Las escenas descritas por los periódicos de época son elocuentes: grupos de vecinos que denuncian a un ‘sospechoso’ ante el Consejo de Salubridad mientras sus familiares ocultan al colérico para evitar el aislamiento de la casa; ruidosas romerías que se instalan en las inmediaciones de las fincas clausuradas, promoviendo escándalos noche y día; represalias violentas contra los médicos que informan de nuevos casos; piquetes vecinales que resisten la clausura de aquellas casas donde ha aparecido un colérico; enfermos que, para evitar el confinamiento, deambulan por las calles seguidos de una turba de chiquilines que baten palmas y arman bulla; ruidosos festejos barriales cada vez que se levanta el aislamiento en una zona; cocheros fúnebres que se divierten contando falsas historias de coléricos que fueron enterrados vivos…

Súmese a ello el abierto rechazo de las medidas preventivas por parte de los perjudicados: los directores de los colegios privados que no quieren clausurar sus establecimientos; las autoridades de la iglesia que resisten la suspensión de los oficios religiosos; los comerciantes que se niegan a cerrar sus almacenes… Y cuando llega el carnaval, todos los que quieren divertirse, disfrazarse, bailar, armar comparsas, jugar en las calles o lucrar con la infinidad de negocios que la fiesta promueve.

En tales circunstancias, buena parte de la prensa hizo causa común con los defensores de la fiesta y abogó por su realización, argumentando que es precisamente en momentos de catástrofe que los gobiernos deben estimular las expansiones públicas como antídoto contra la congoja y el miedo colectivos.
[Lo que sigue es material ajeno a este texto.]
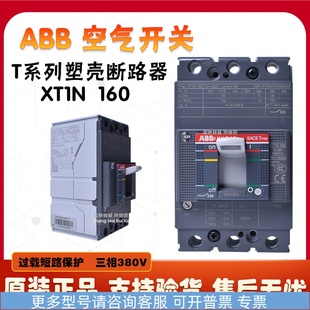 ABB正品 FF3P TMF100A 漏电保护器三相空气开关塑壳断路器XT1N160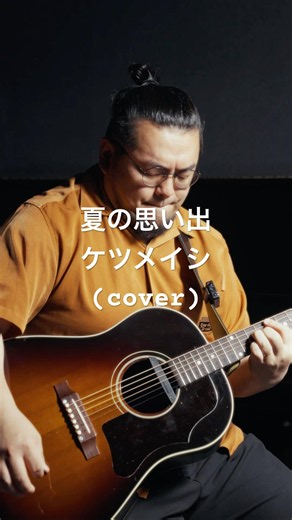 夏の思い出/ケツメイシ(cover) #夏の思い出 #ケツメイシ #cover #弾き語り #ワタナベシュウヘイ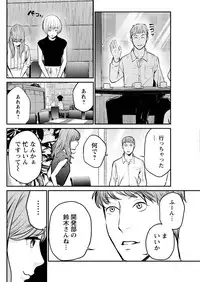 Action Pizazz Special 2015-09 [Digital]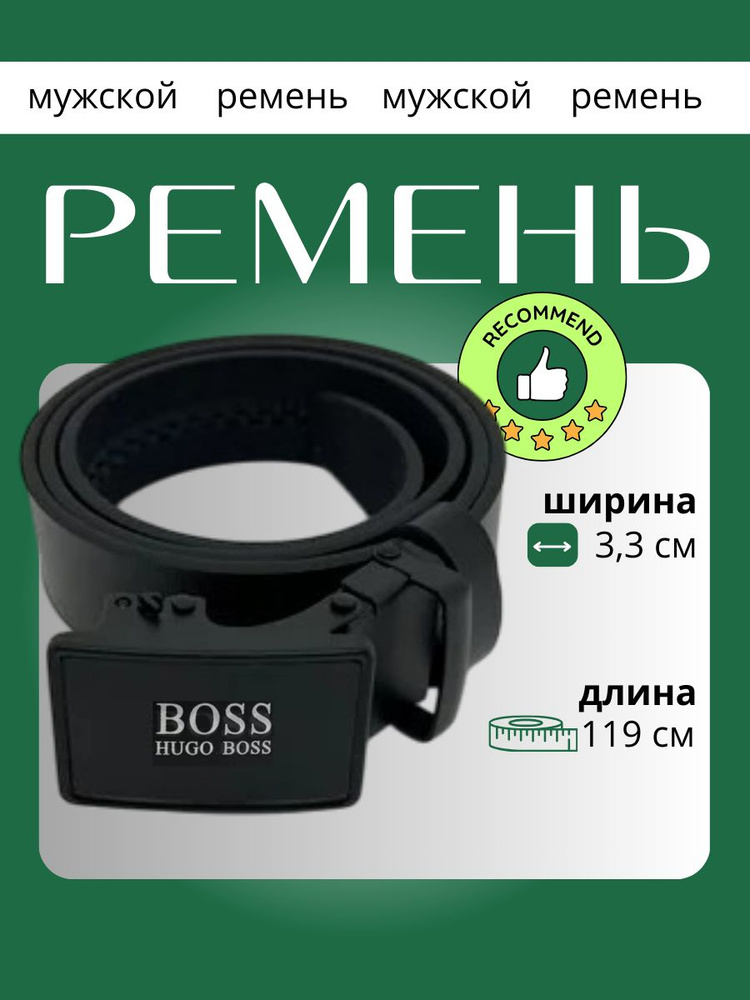 Ремень #1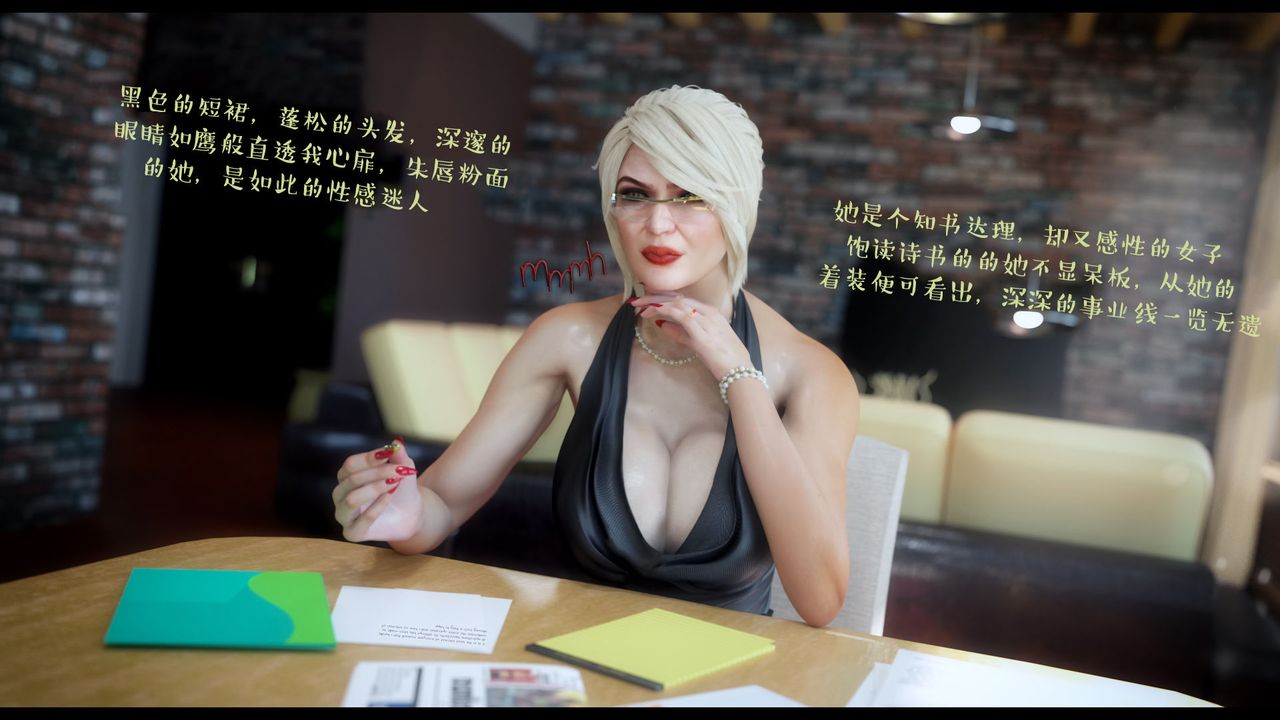 [3D]作家妈妈的沦陷第01话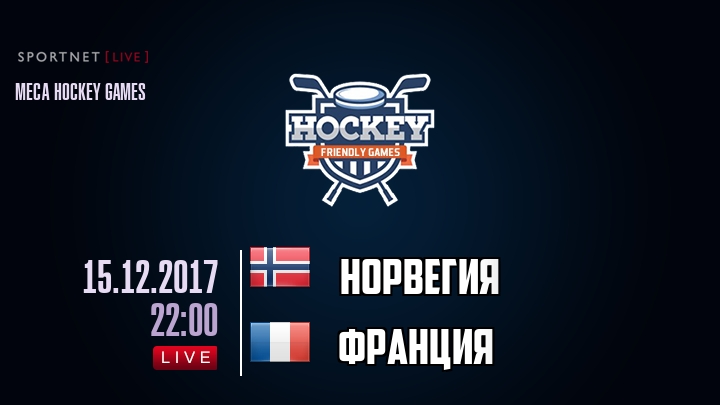 Норвегия — Франция, смотреть онлайн 15 декабря 2017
Sin embargo, invocando el asesoramiento del Honorable Consejo de Higiene, el gobierno prohibió los festejos de aquel año sin imaginar quizás que la medida terminaría provocando males mayores.

En efecto, en ausencia de desfiles, bailes, torneos de comparsas y demás atractivos ‘civilizados’, la nota dominante de aquel carnaval fue la ‘barbarie’ protagonizada por los baldes de agua, los huevos y los tomates. Los cantones organizados en la Ciudad Vieja obligaron a cortar el tránsito ya que los tranvías eran el blanco preferido de los jugadores, en tanto que ‘el tramo de moda de la calle Sarandí’ (entre las plazas Matriz e Independencia) fue copado por cientos de ‘jóvenes conocidos’ que durante los tres días, además de jugar a más y mejor, promovieron ‘innumerables escándalos con trompadas y garrotazos’, dejando un tendal de heridos e ‘infinidad de señoras desmayadas’.
Ante semejante panorama, las autoridades resolvieron permitir los bailes en el fin de semana siguiente, tradicionalmente destinado al ‘entierro del carnaval’, y la prensa anunció alborozada decenas de tertulias de disfraz en todo Montevideo. Entre ellas, la más espléndida y concurrida fue la del Teatro Solís que terminó a las cuatro de la mañana con un ‘grand galop’ titulado ‘El Destierro del Microbio’.

Milagrosamente, aquella suerte de exorcismo resultó premonitoria: pese a tanta locura, pocos días después la epidemia empezó a ceder y Montevideo volvió a su vieja normalidad. El carnaval y el cólera habían quedado atrás.

▶ Imagen: Gabriel García Márquez, autor de la magnífica obra ‘El amor en los tiempos del cólera’, cuatro años antes de publicar esta novela –el 19 de enero de 1981–, escribía en el diario El país, hablando de los microbios, que “llevan milenios viviendo en nuestra vida, navegando nuestra sangre, durmiendo en nuestras heridas, naciendo y muriendo con nosotros, y todavía, ni ellos ni nosotros sabemos quiénes somos”. Hoy, casi cuarenta años más tarde, al igual que Gabo, seguimos “bailando” con ellos en medio de la incertidumbre y preguntándonos cómo será el futuro carnaval en los tiempos del coronavirus.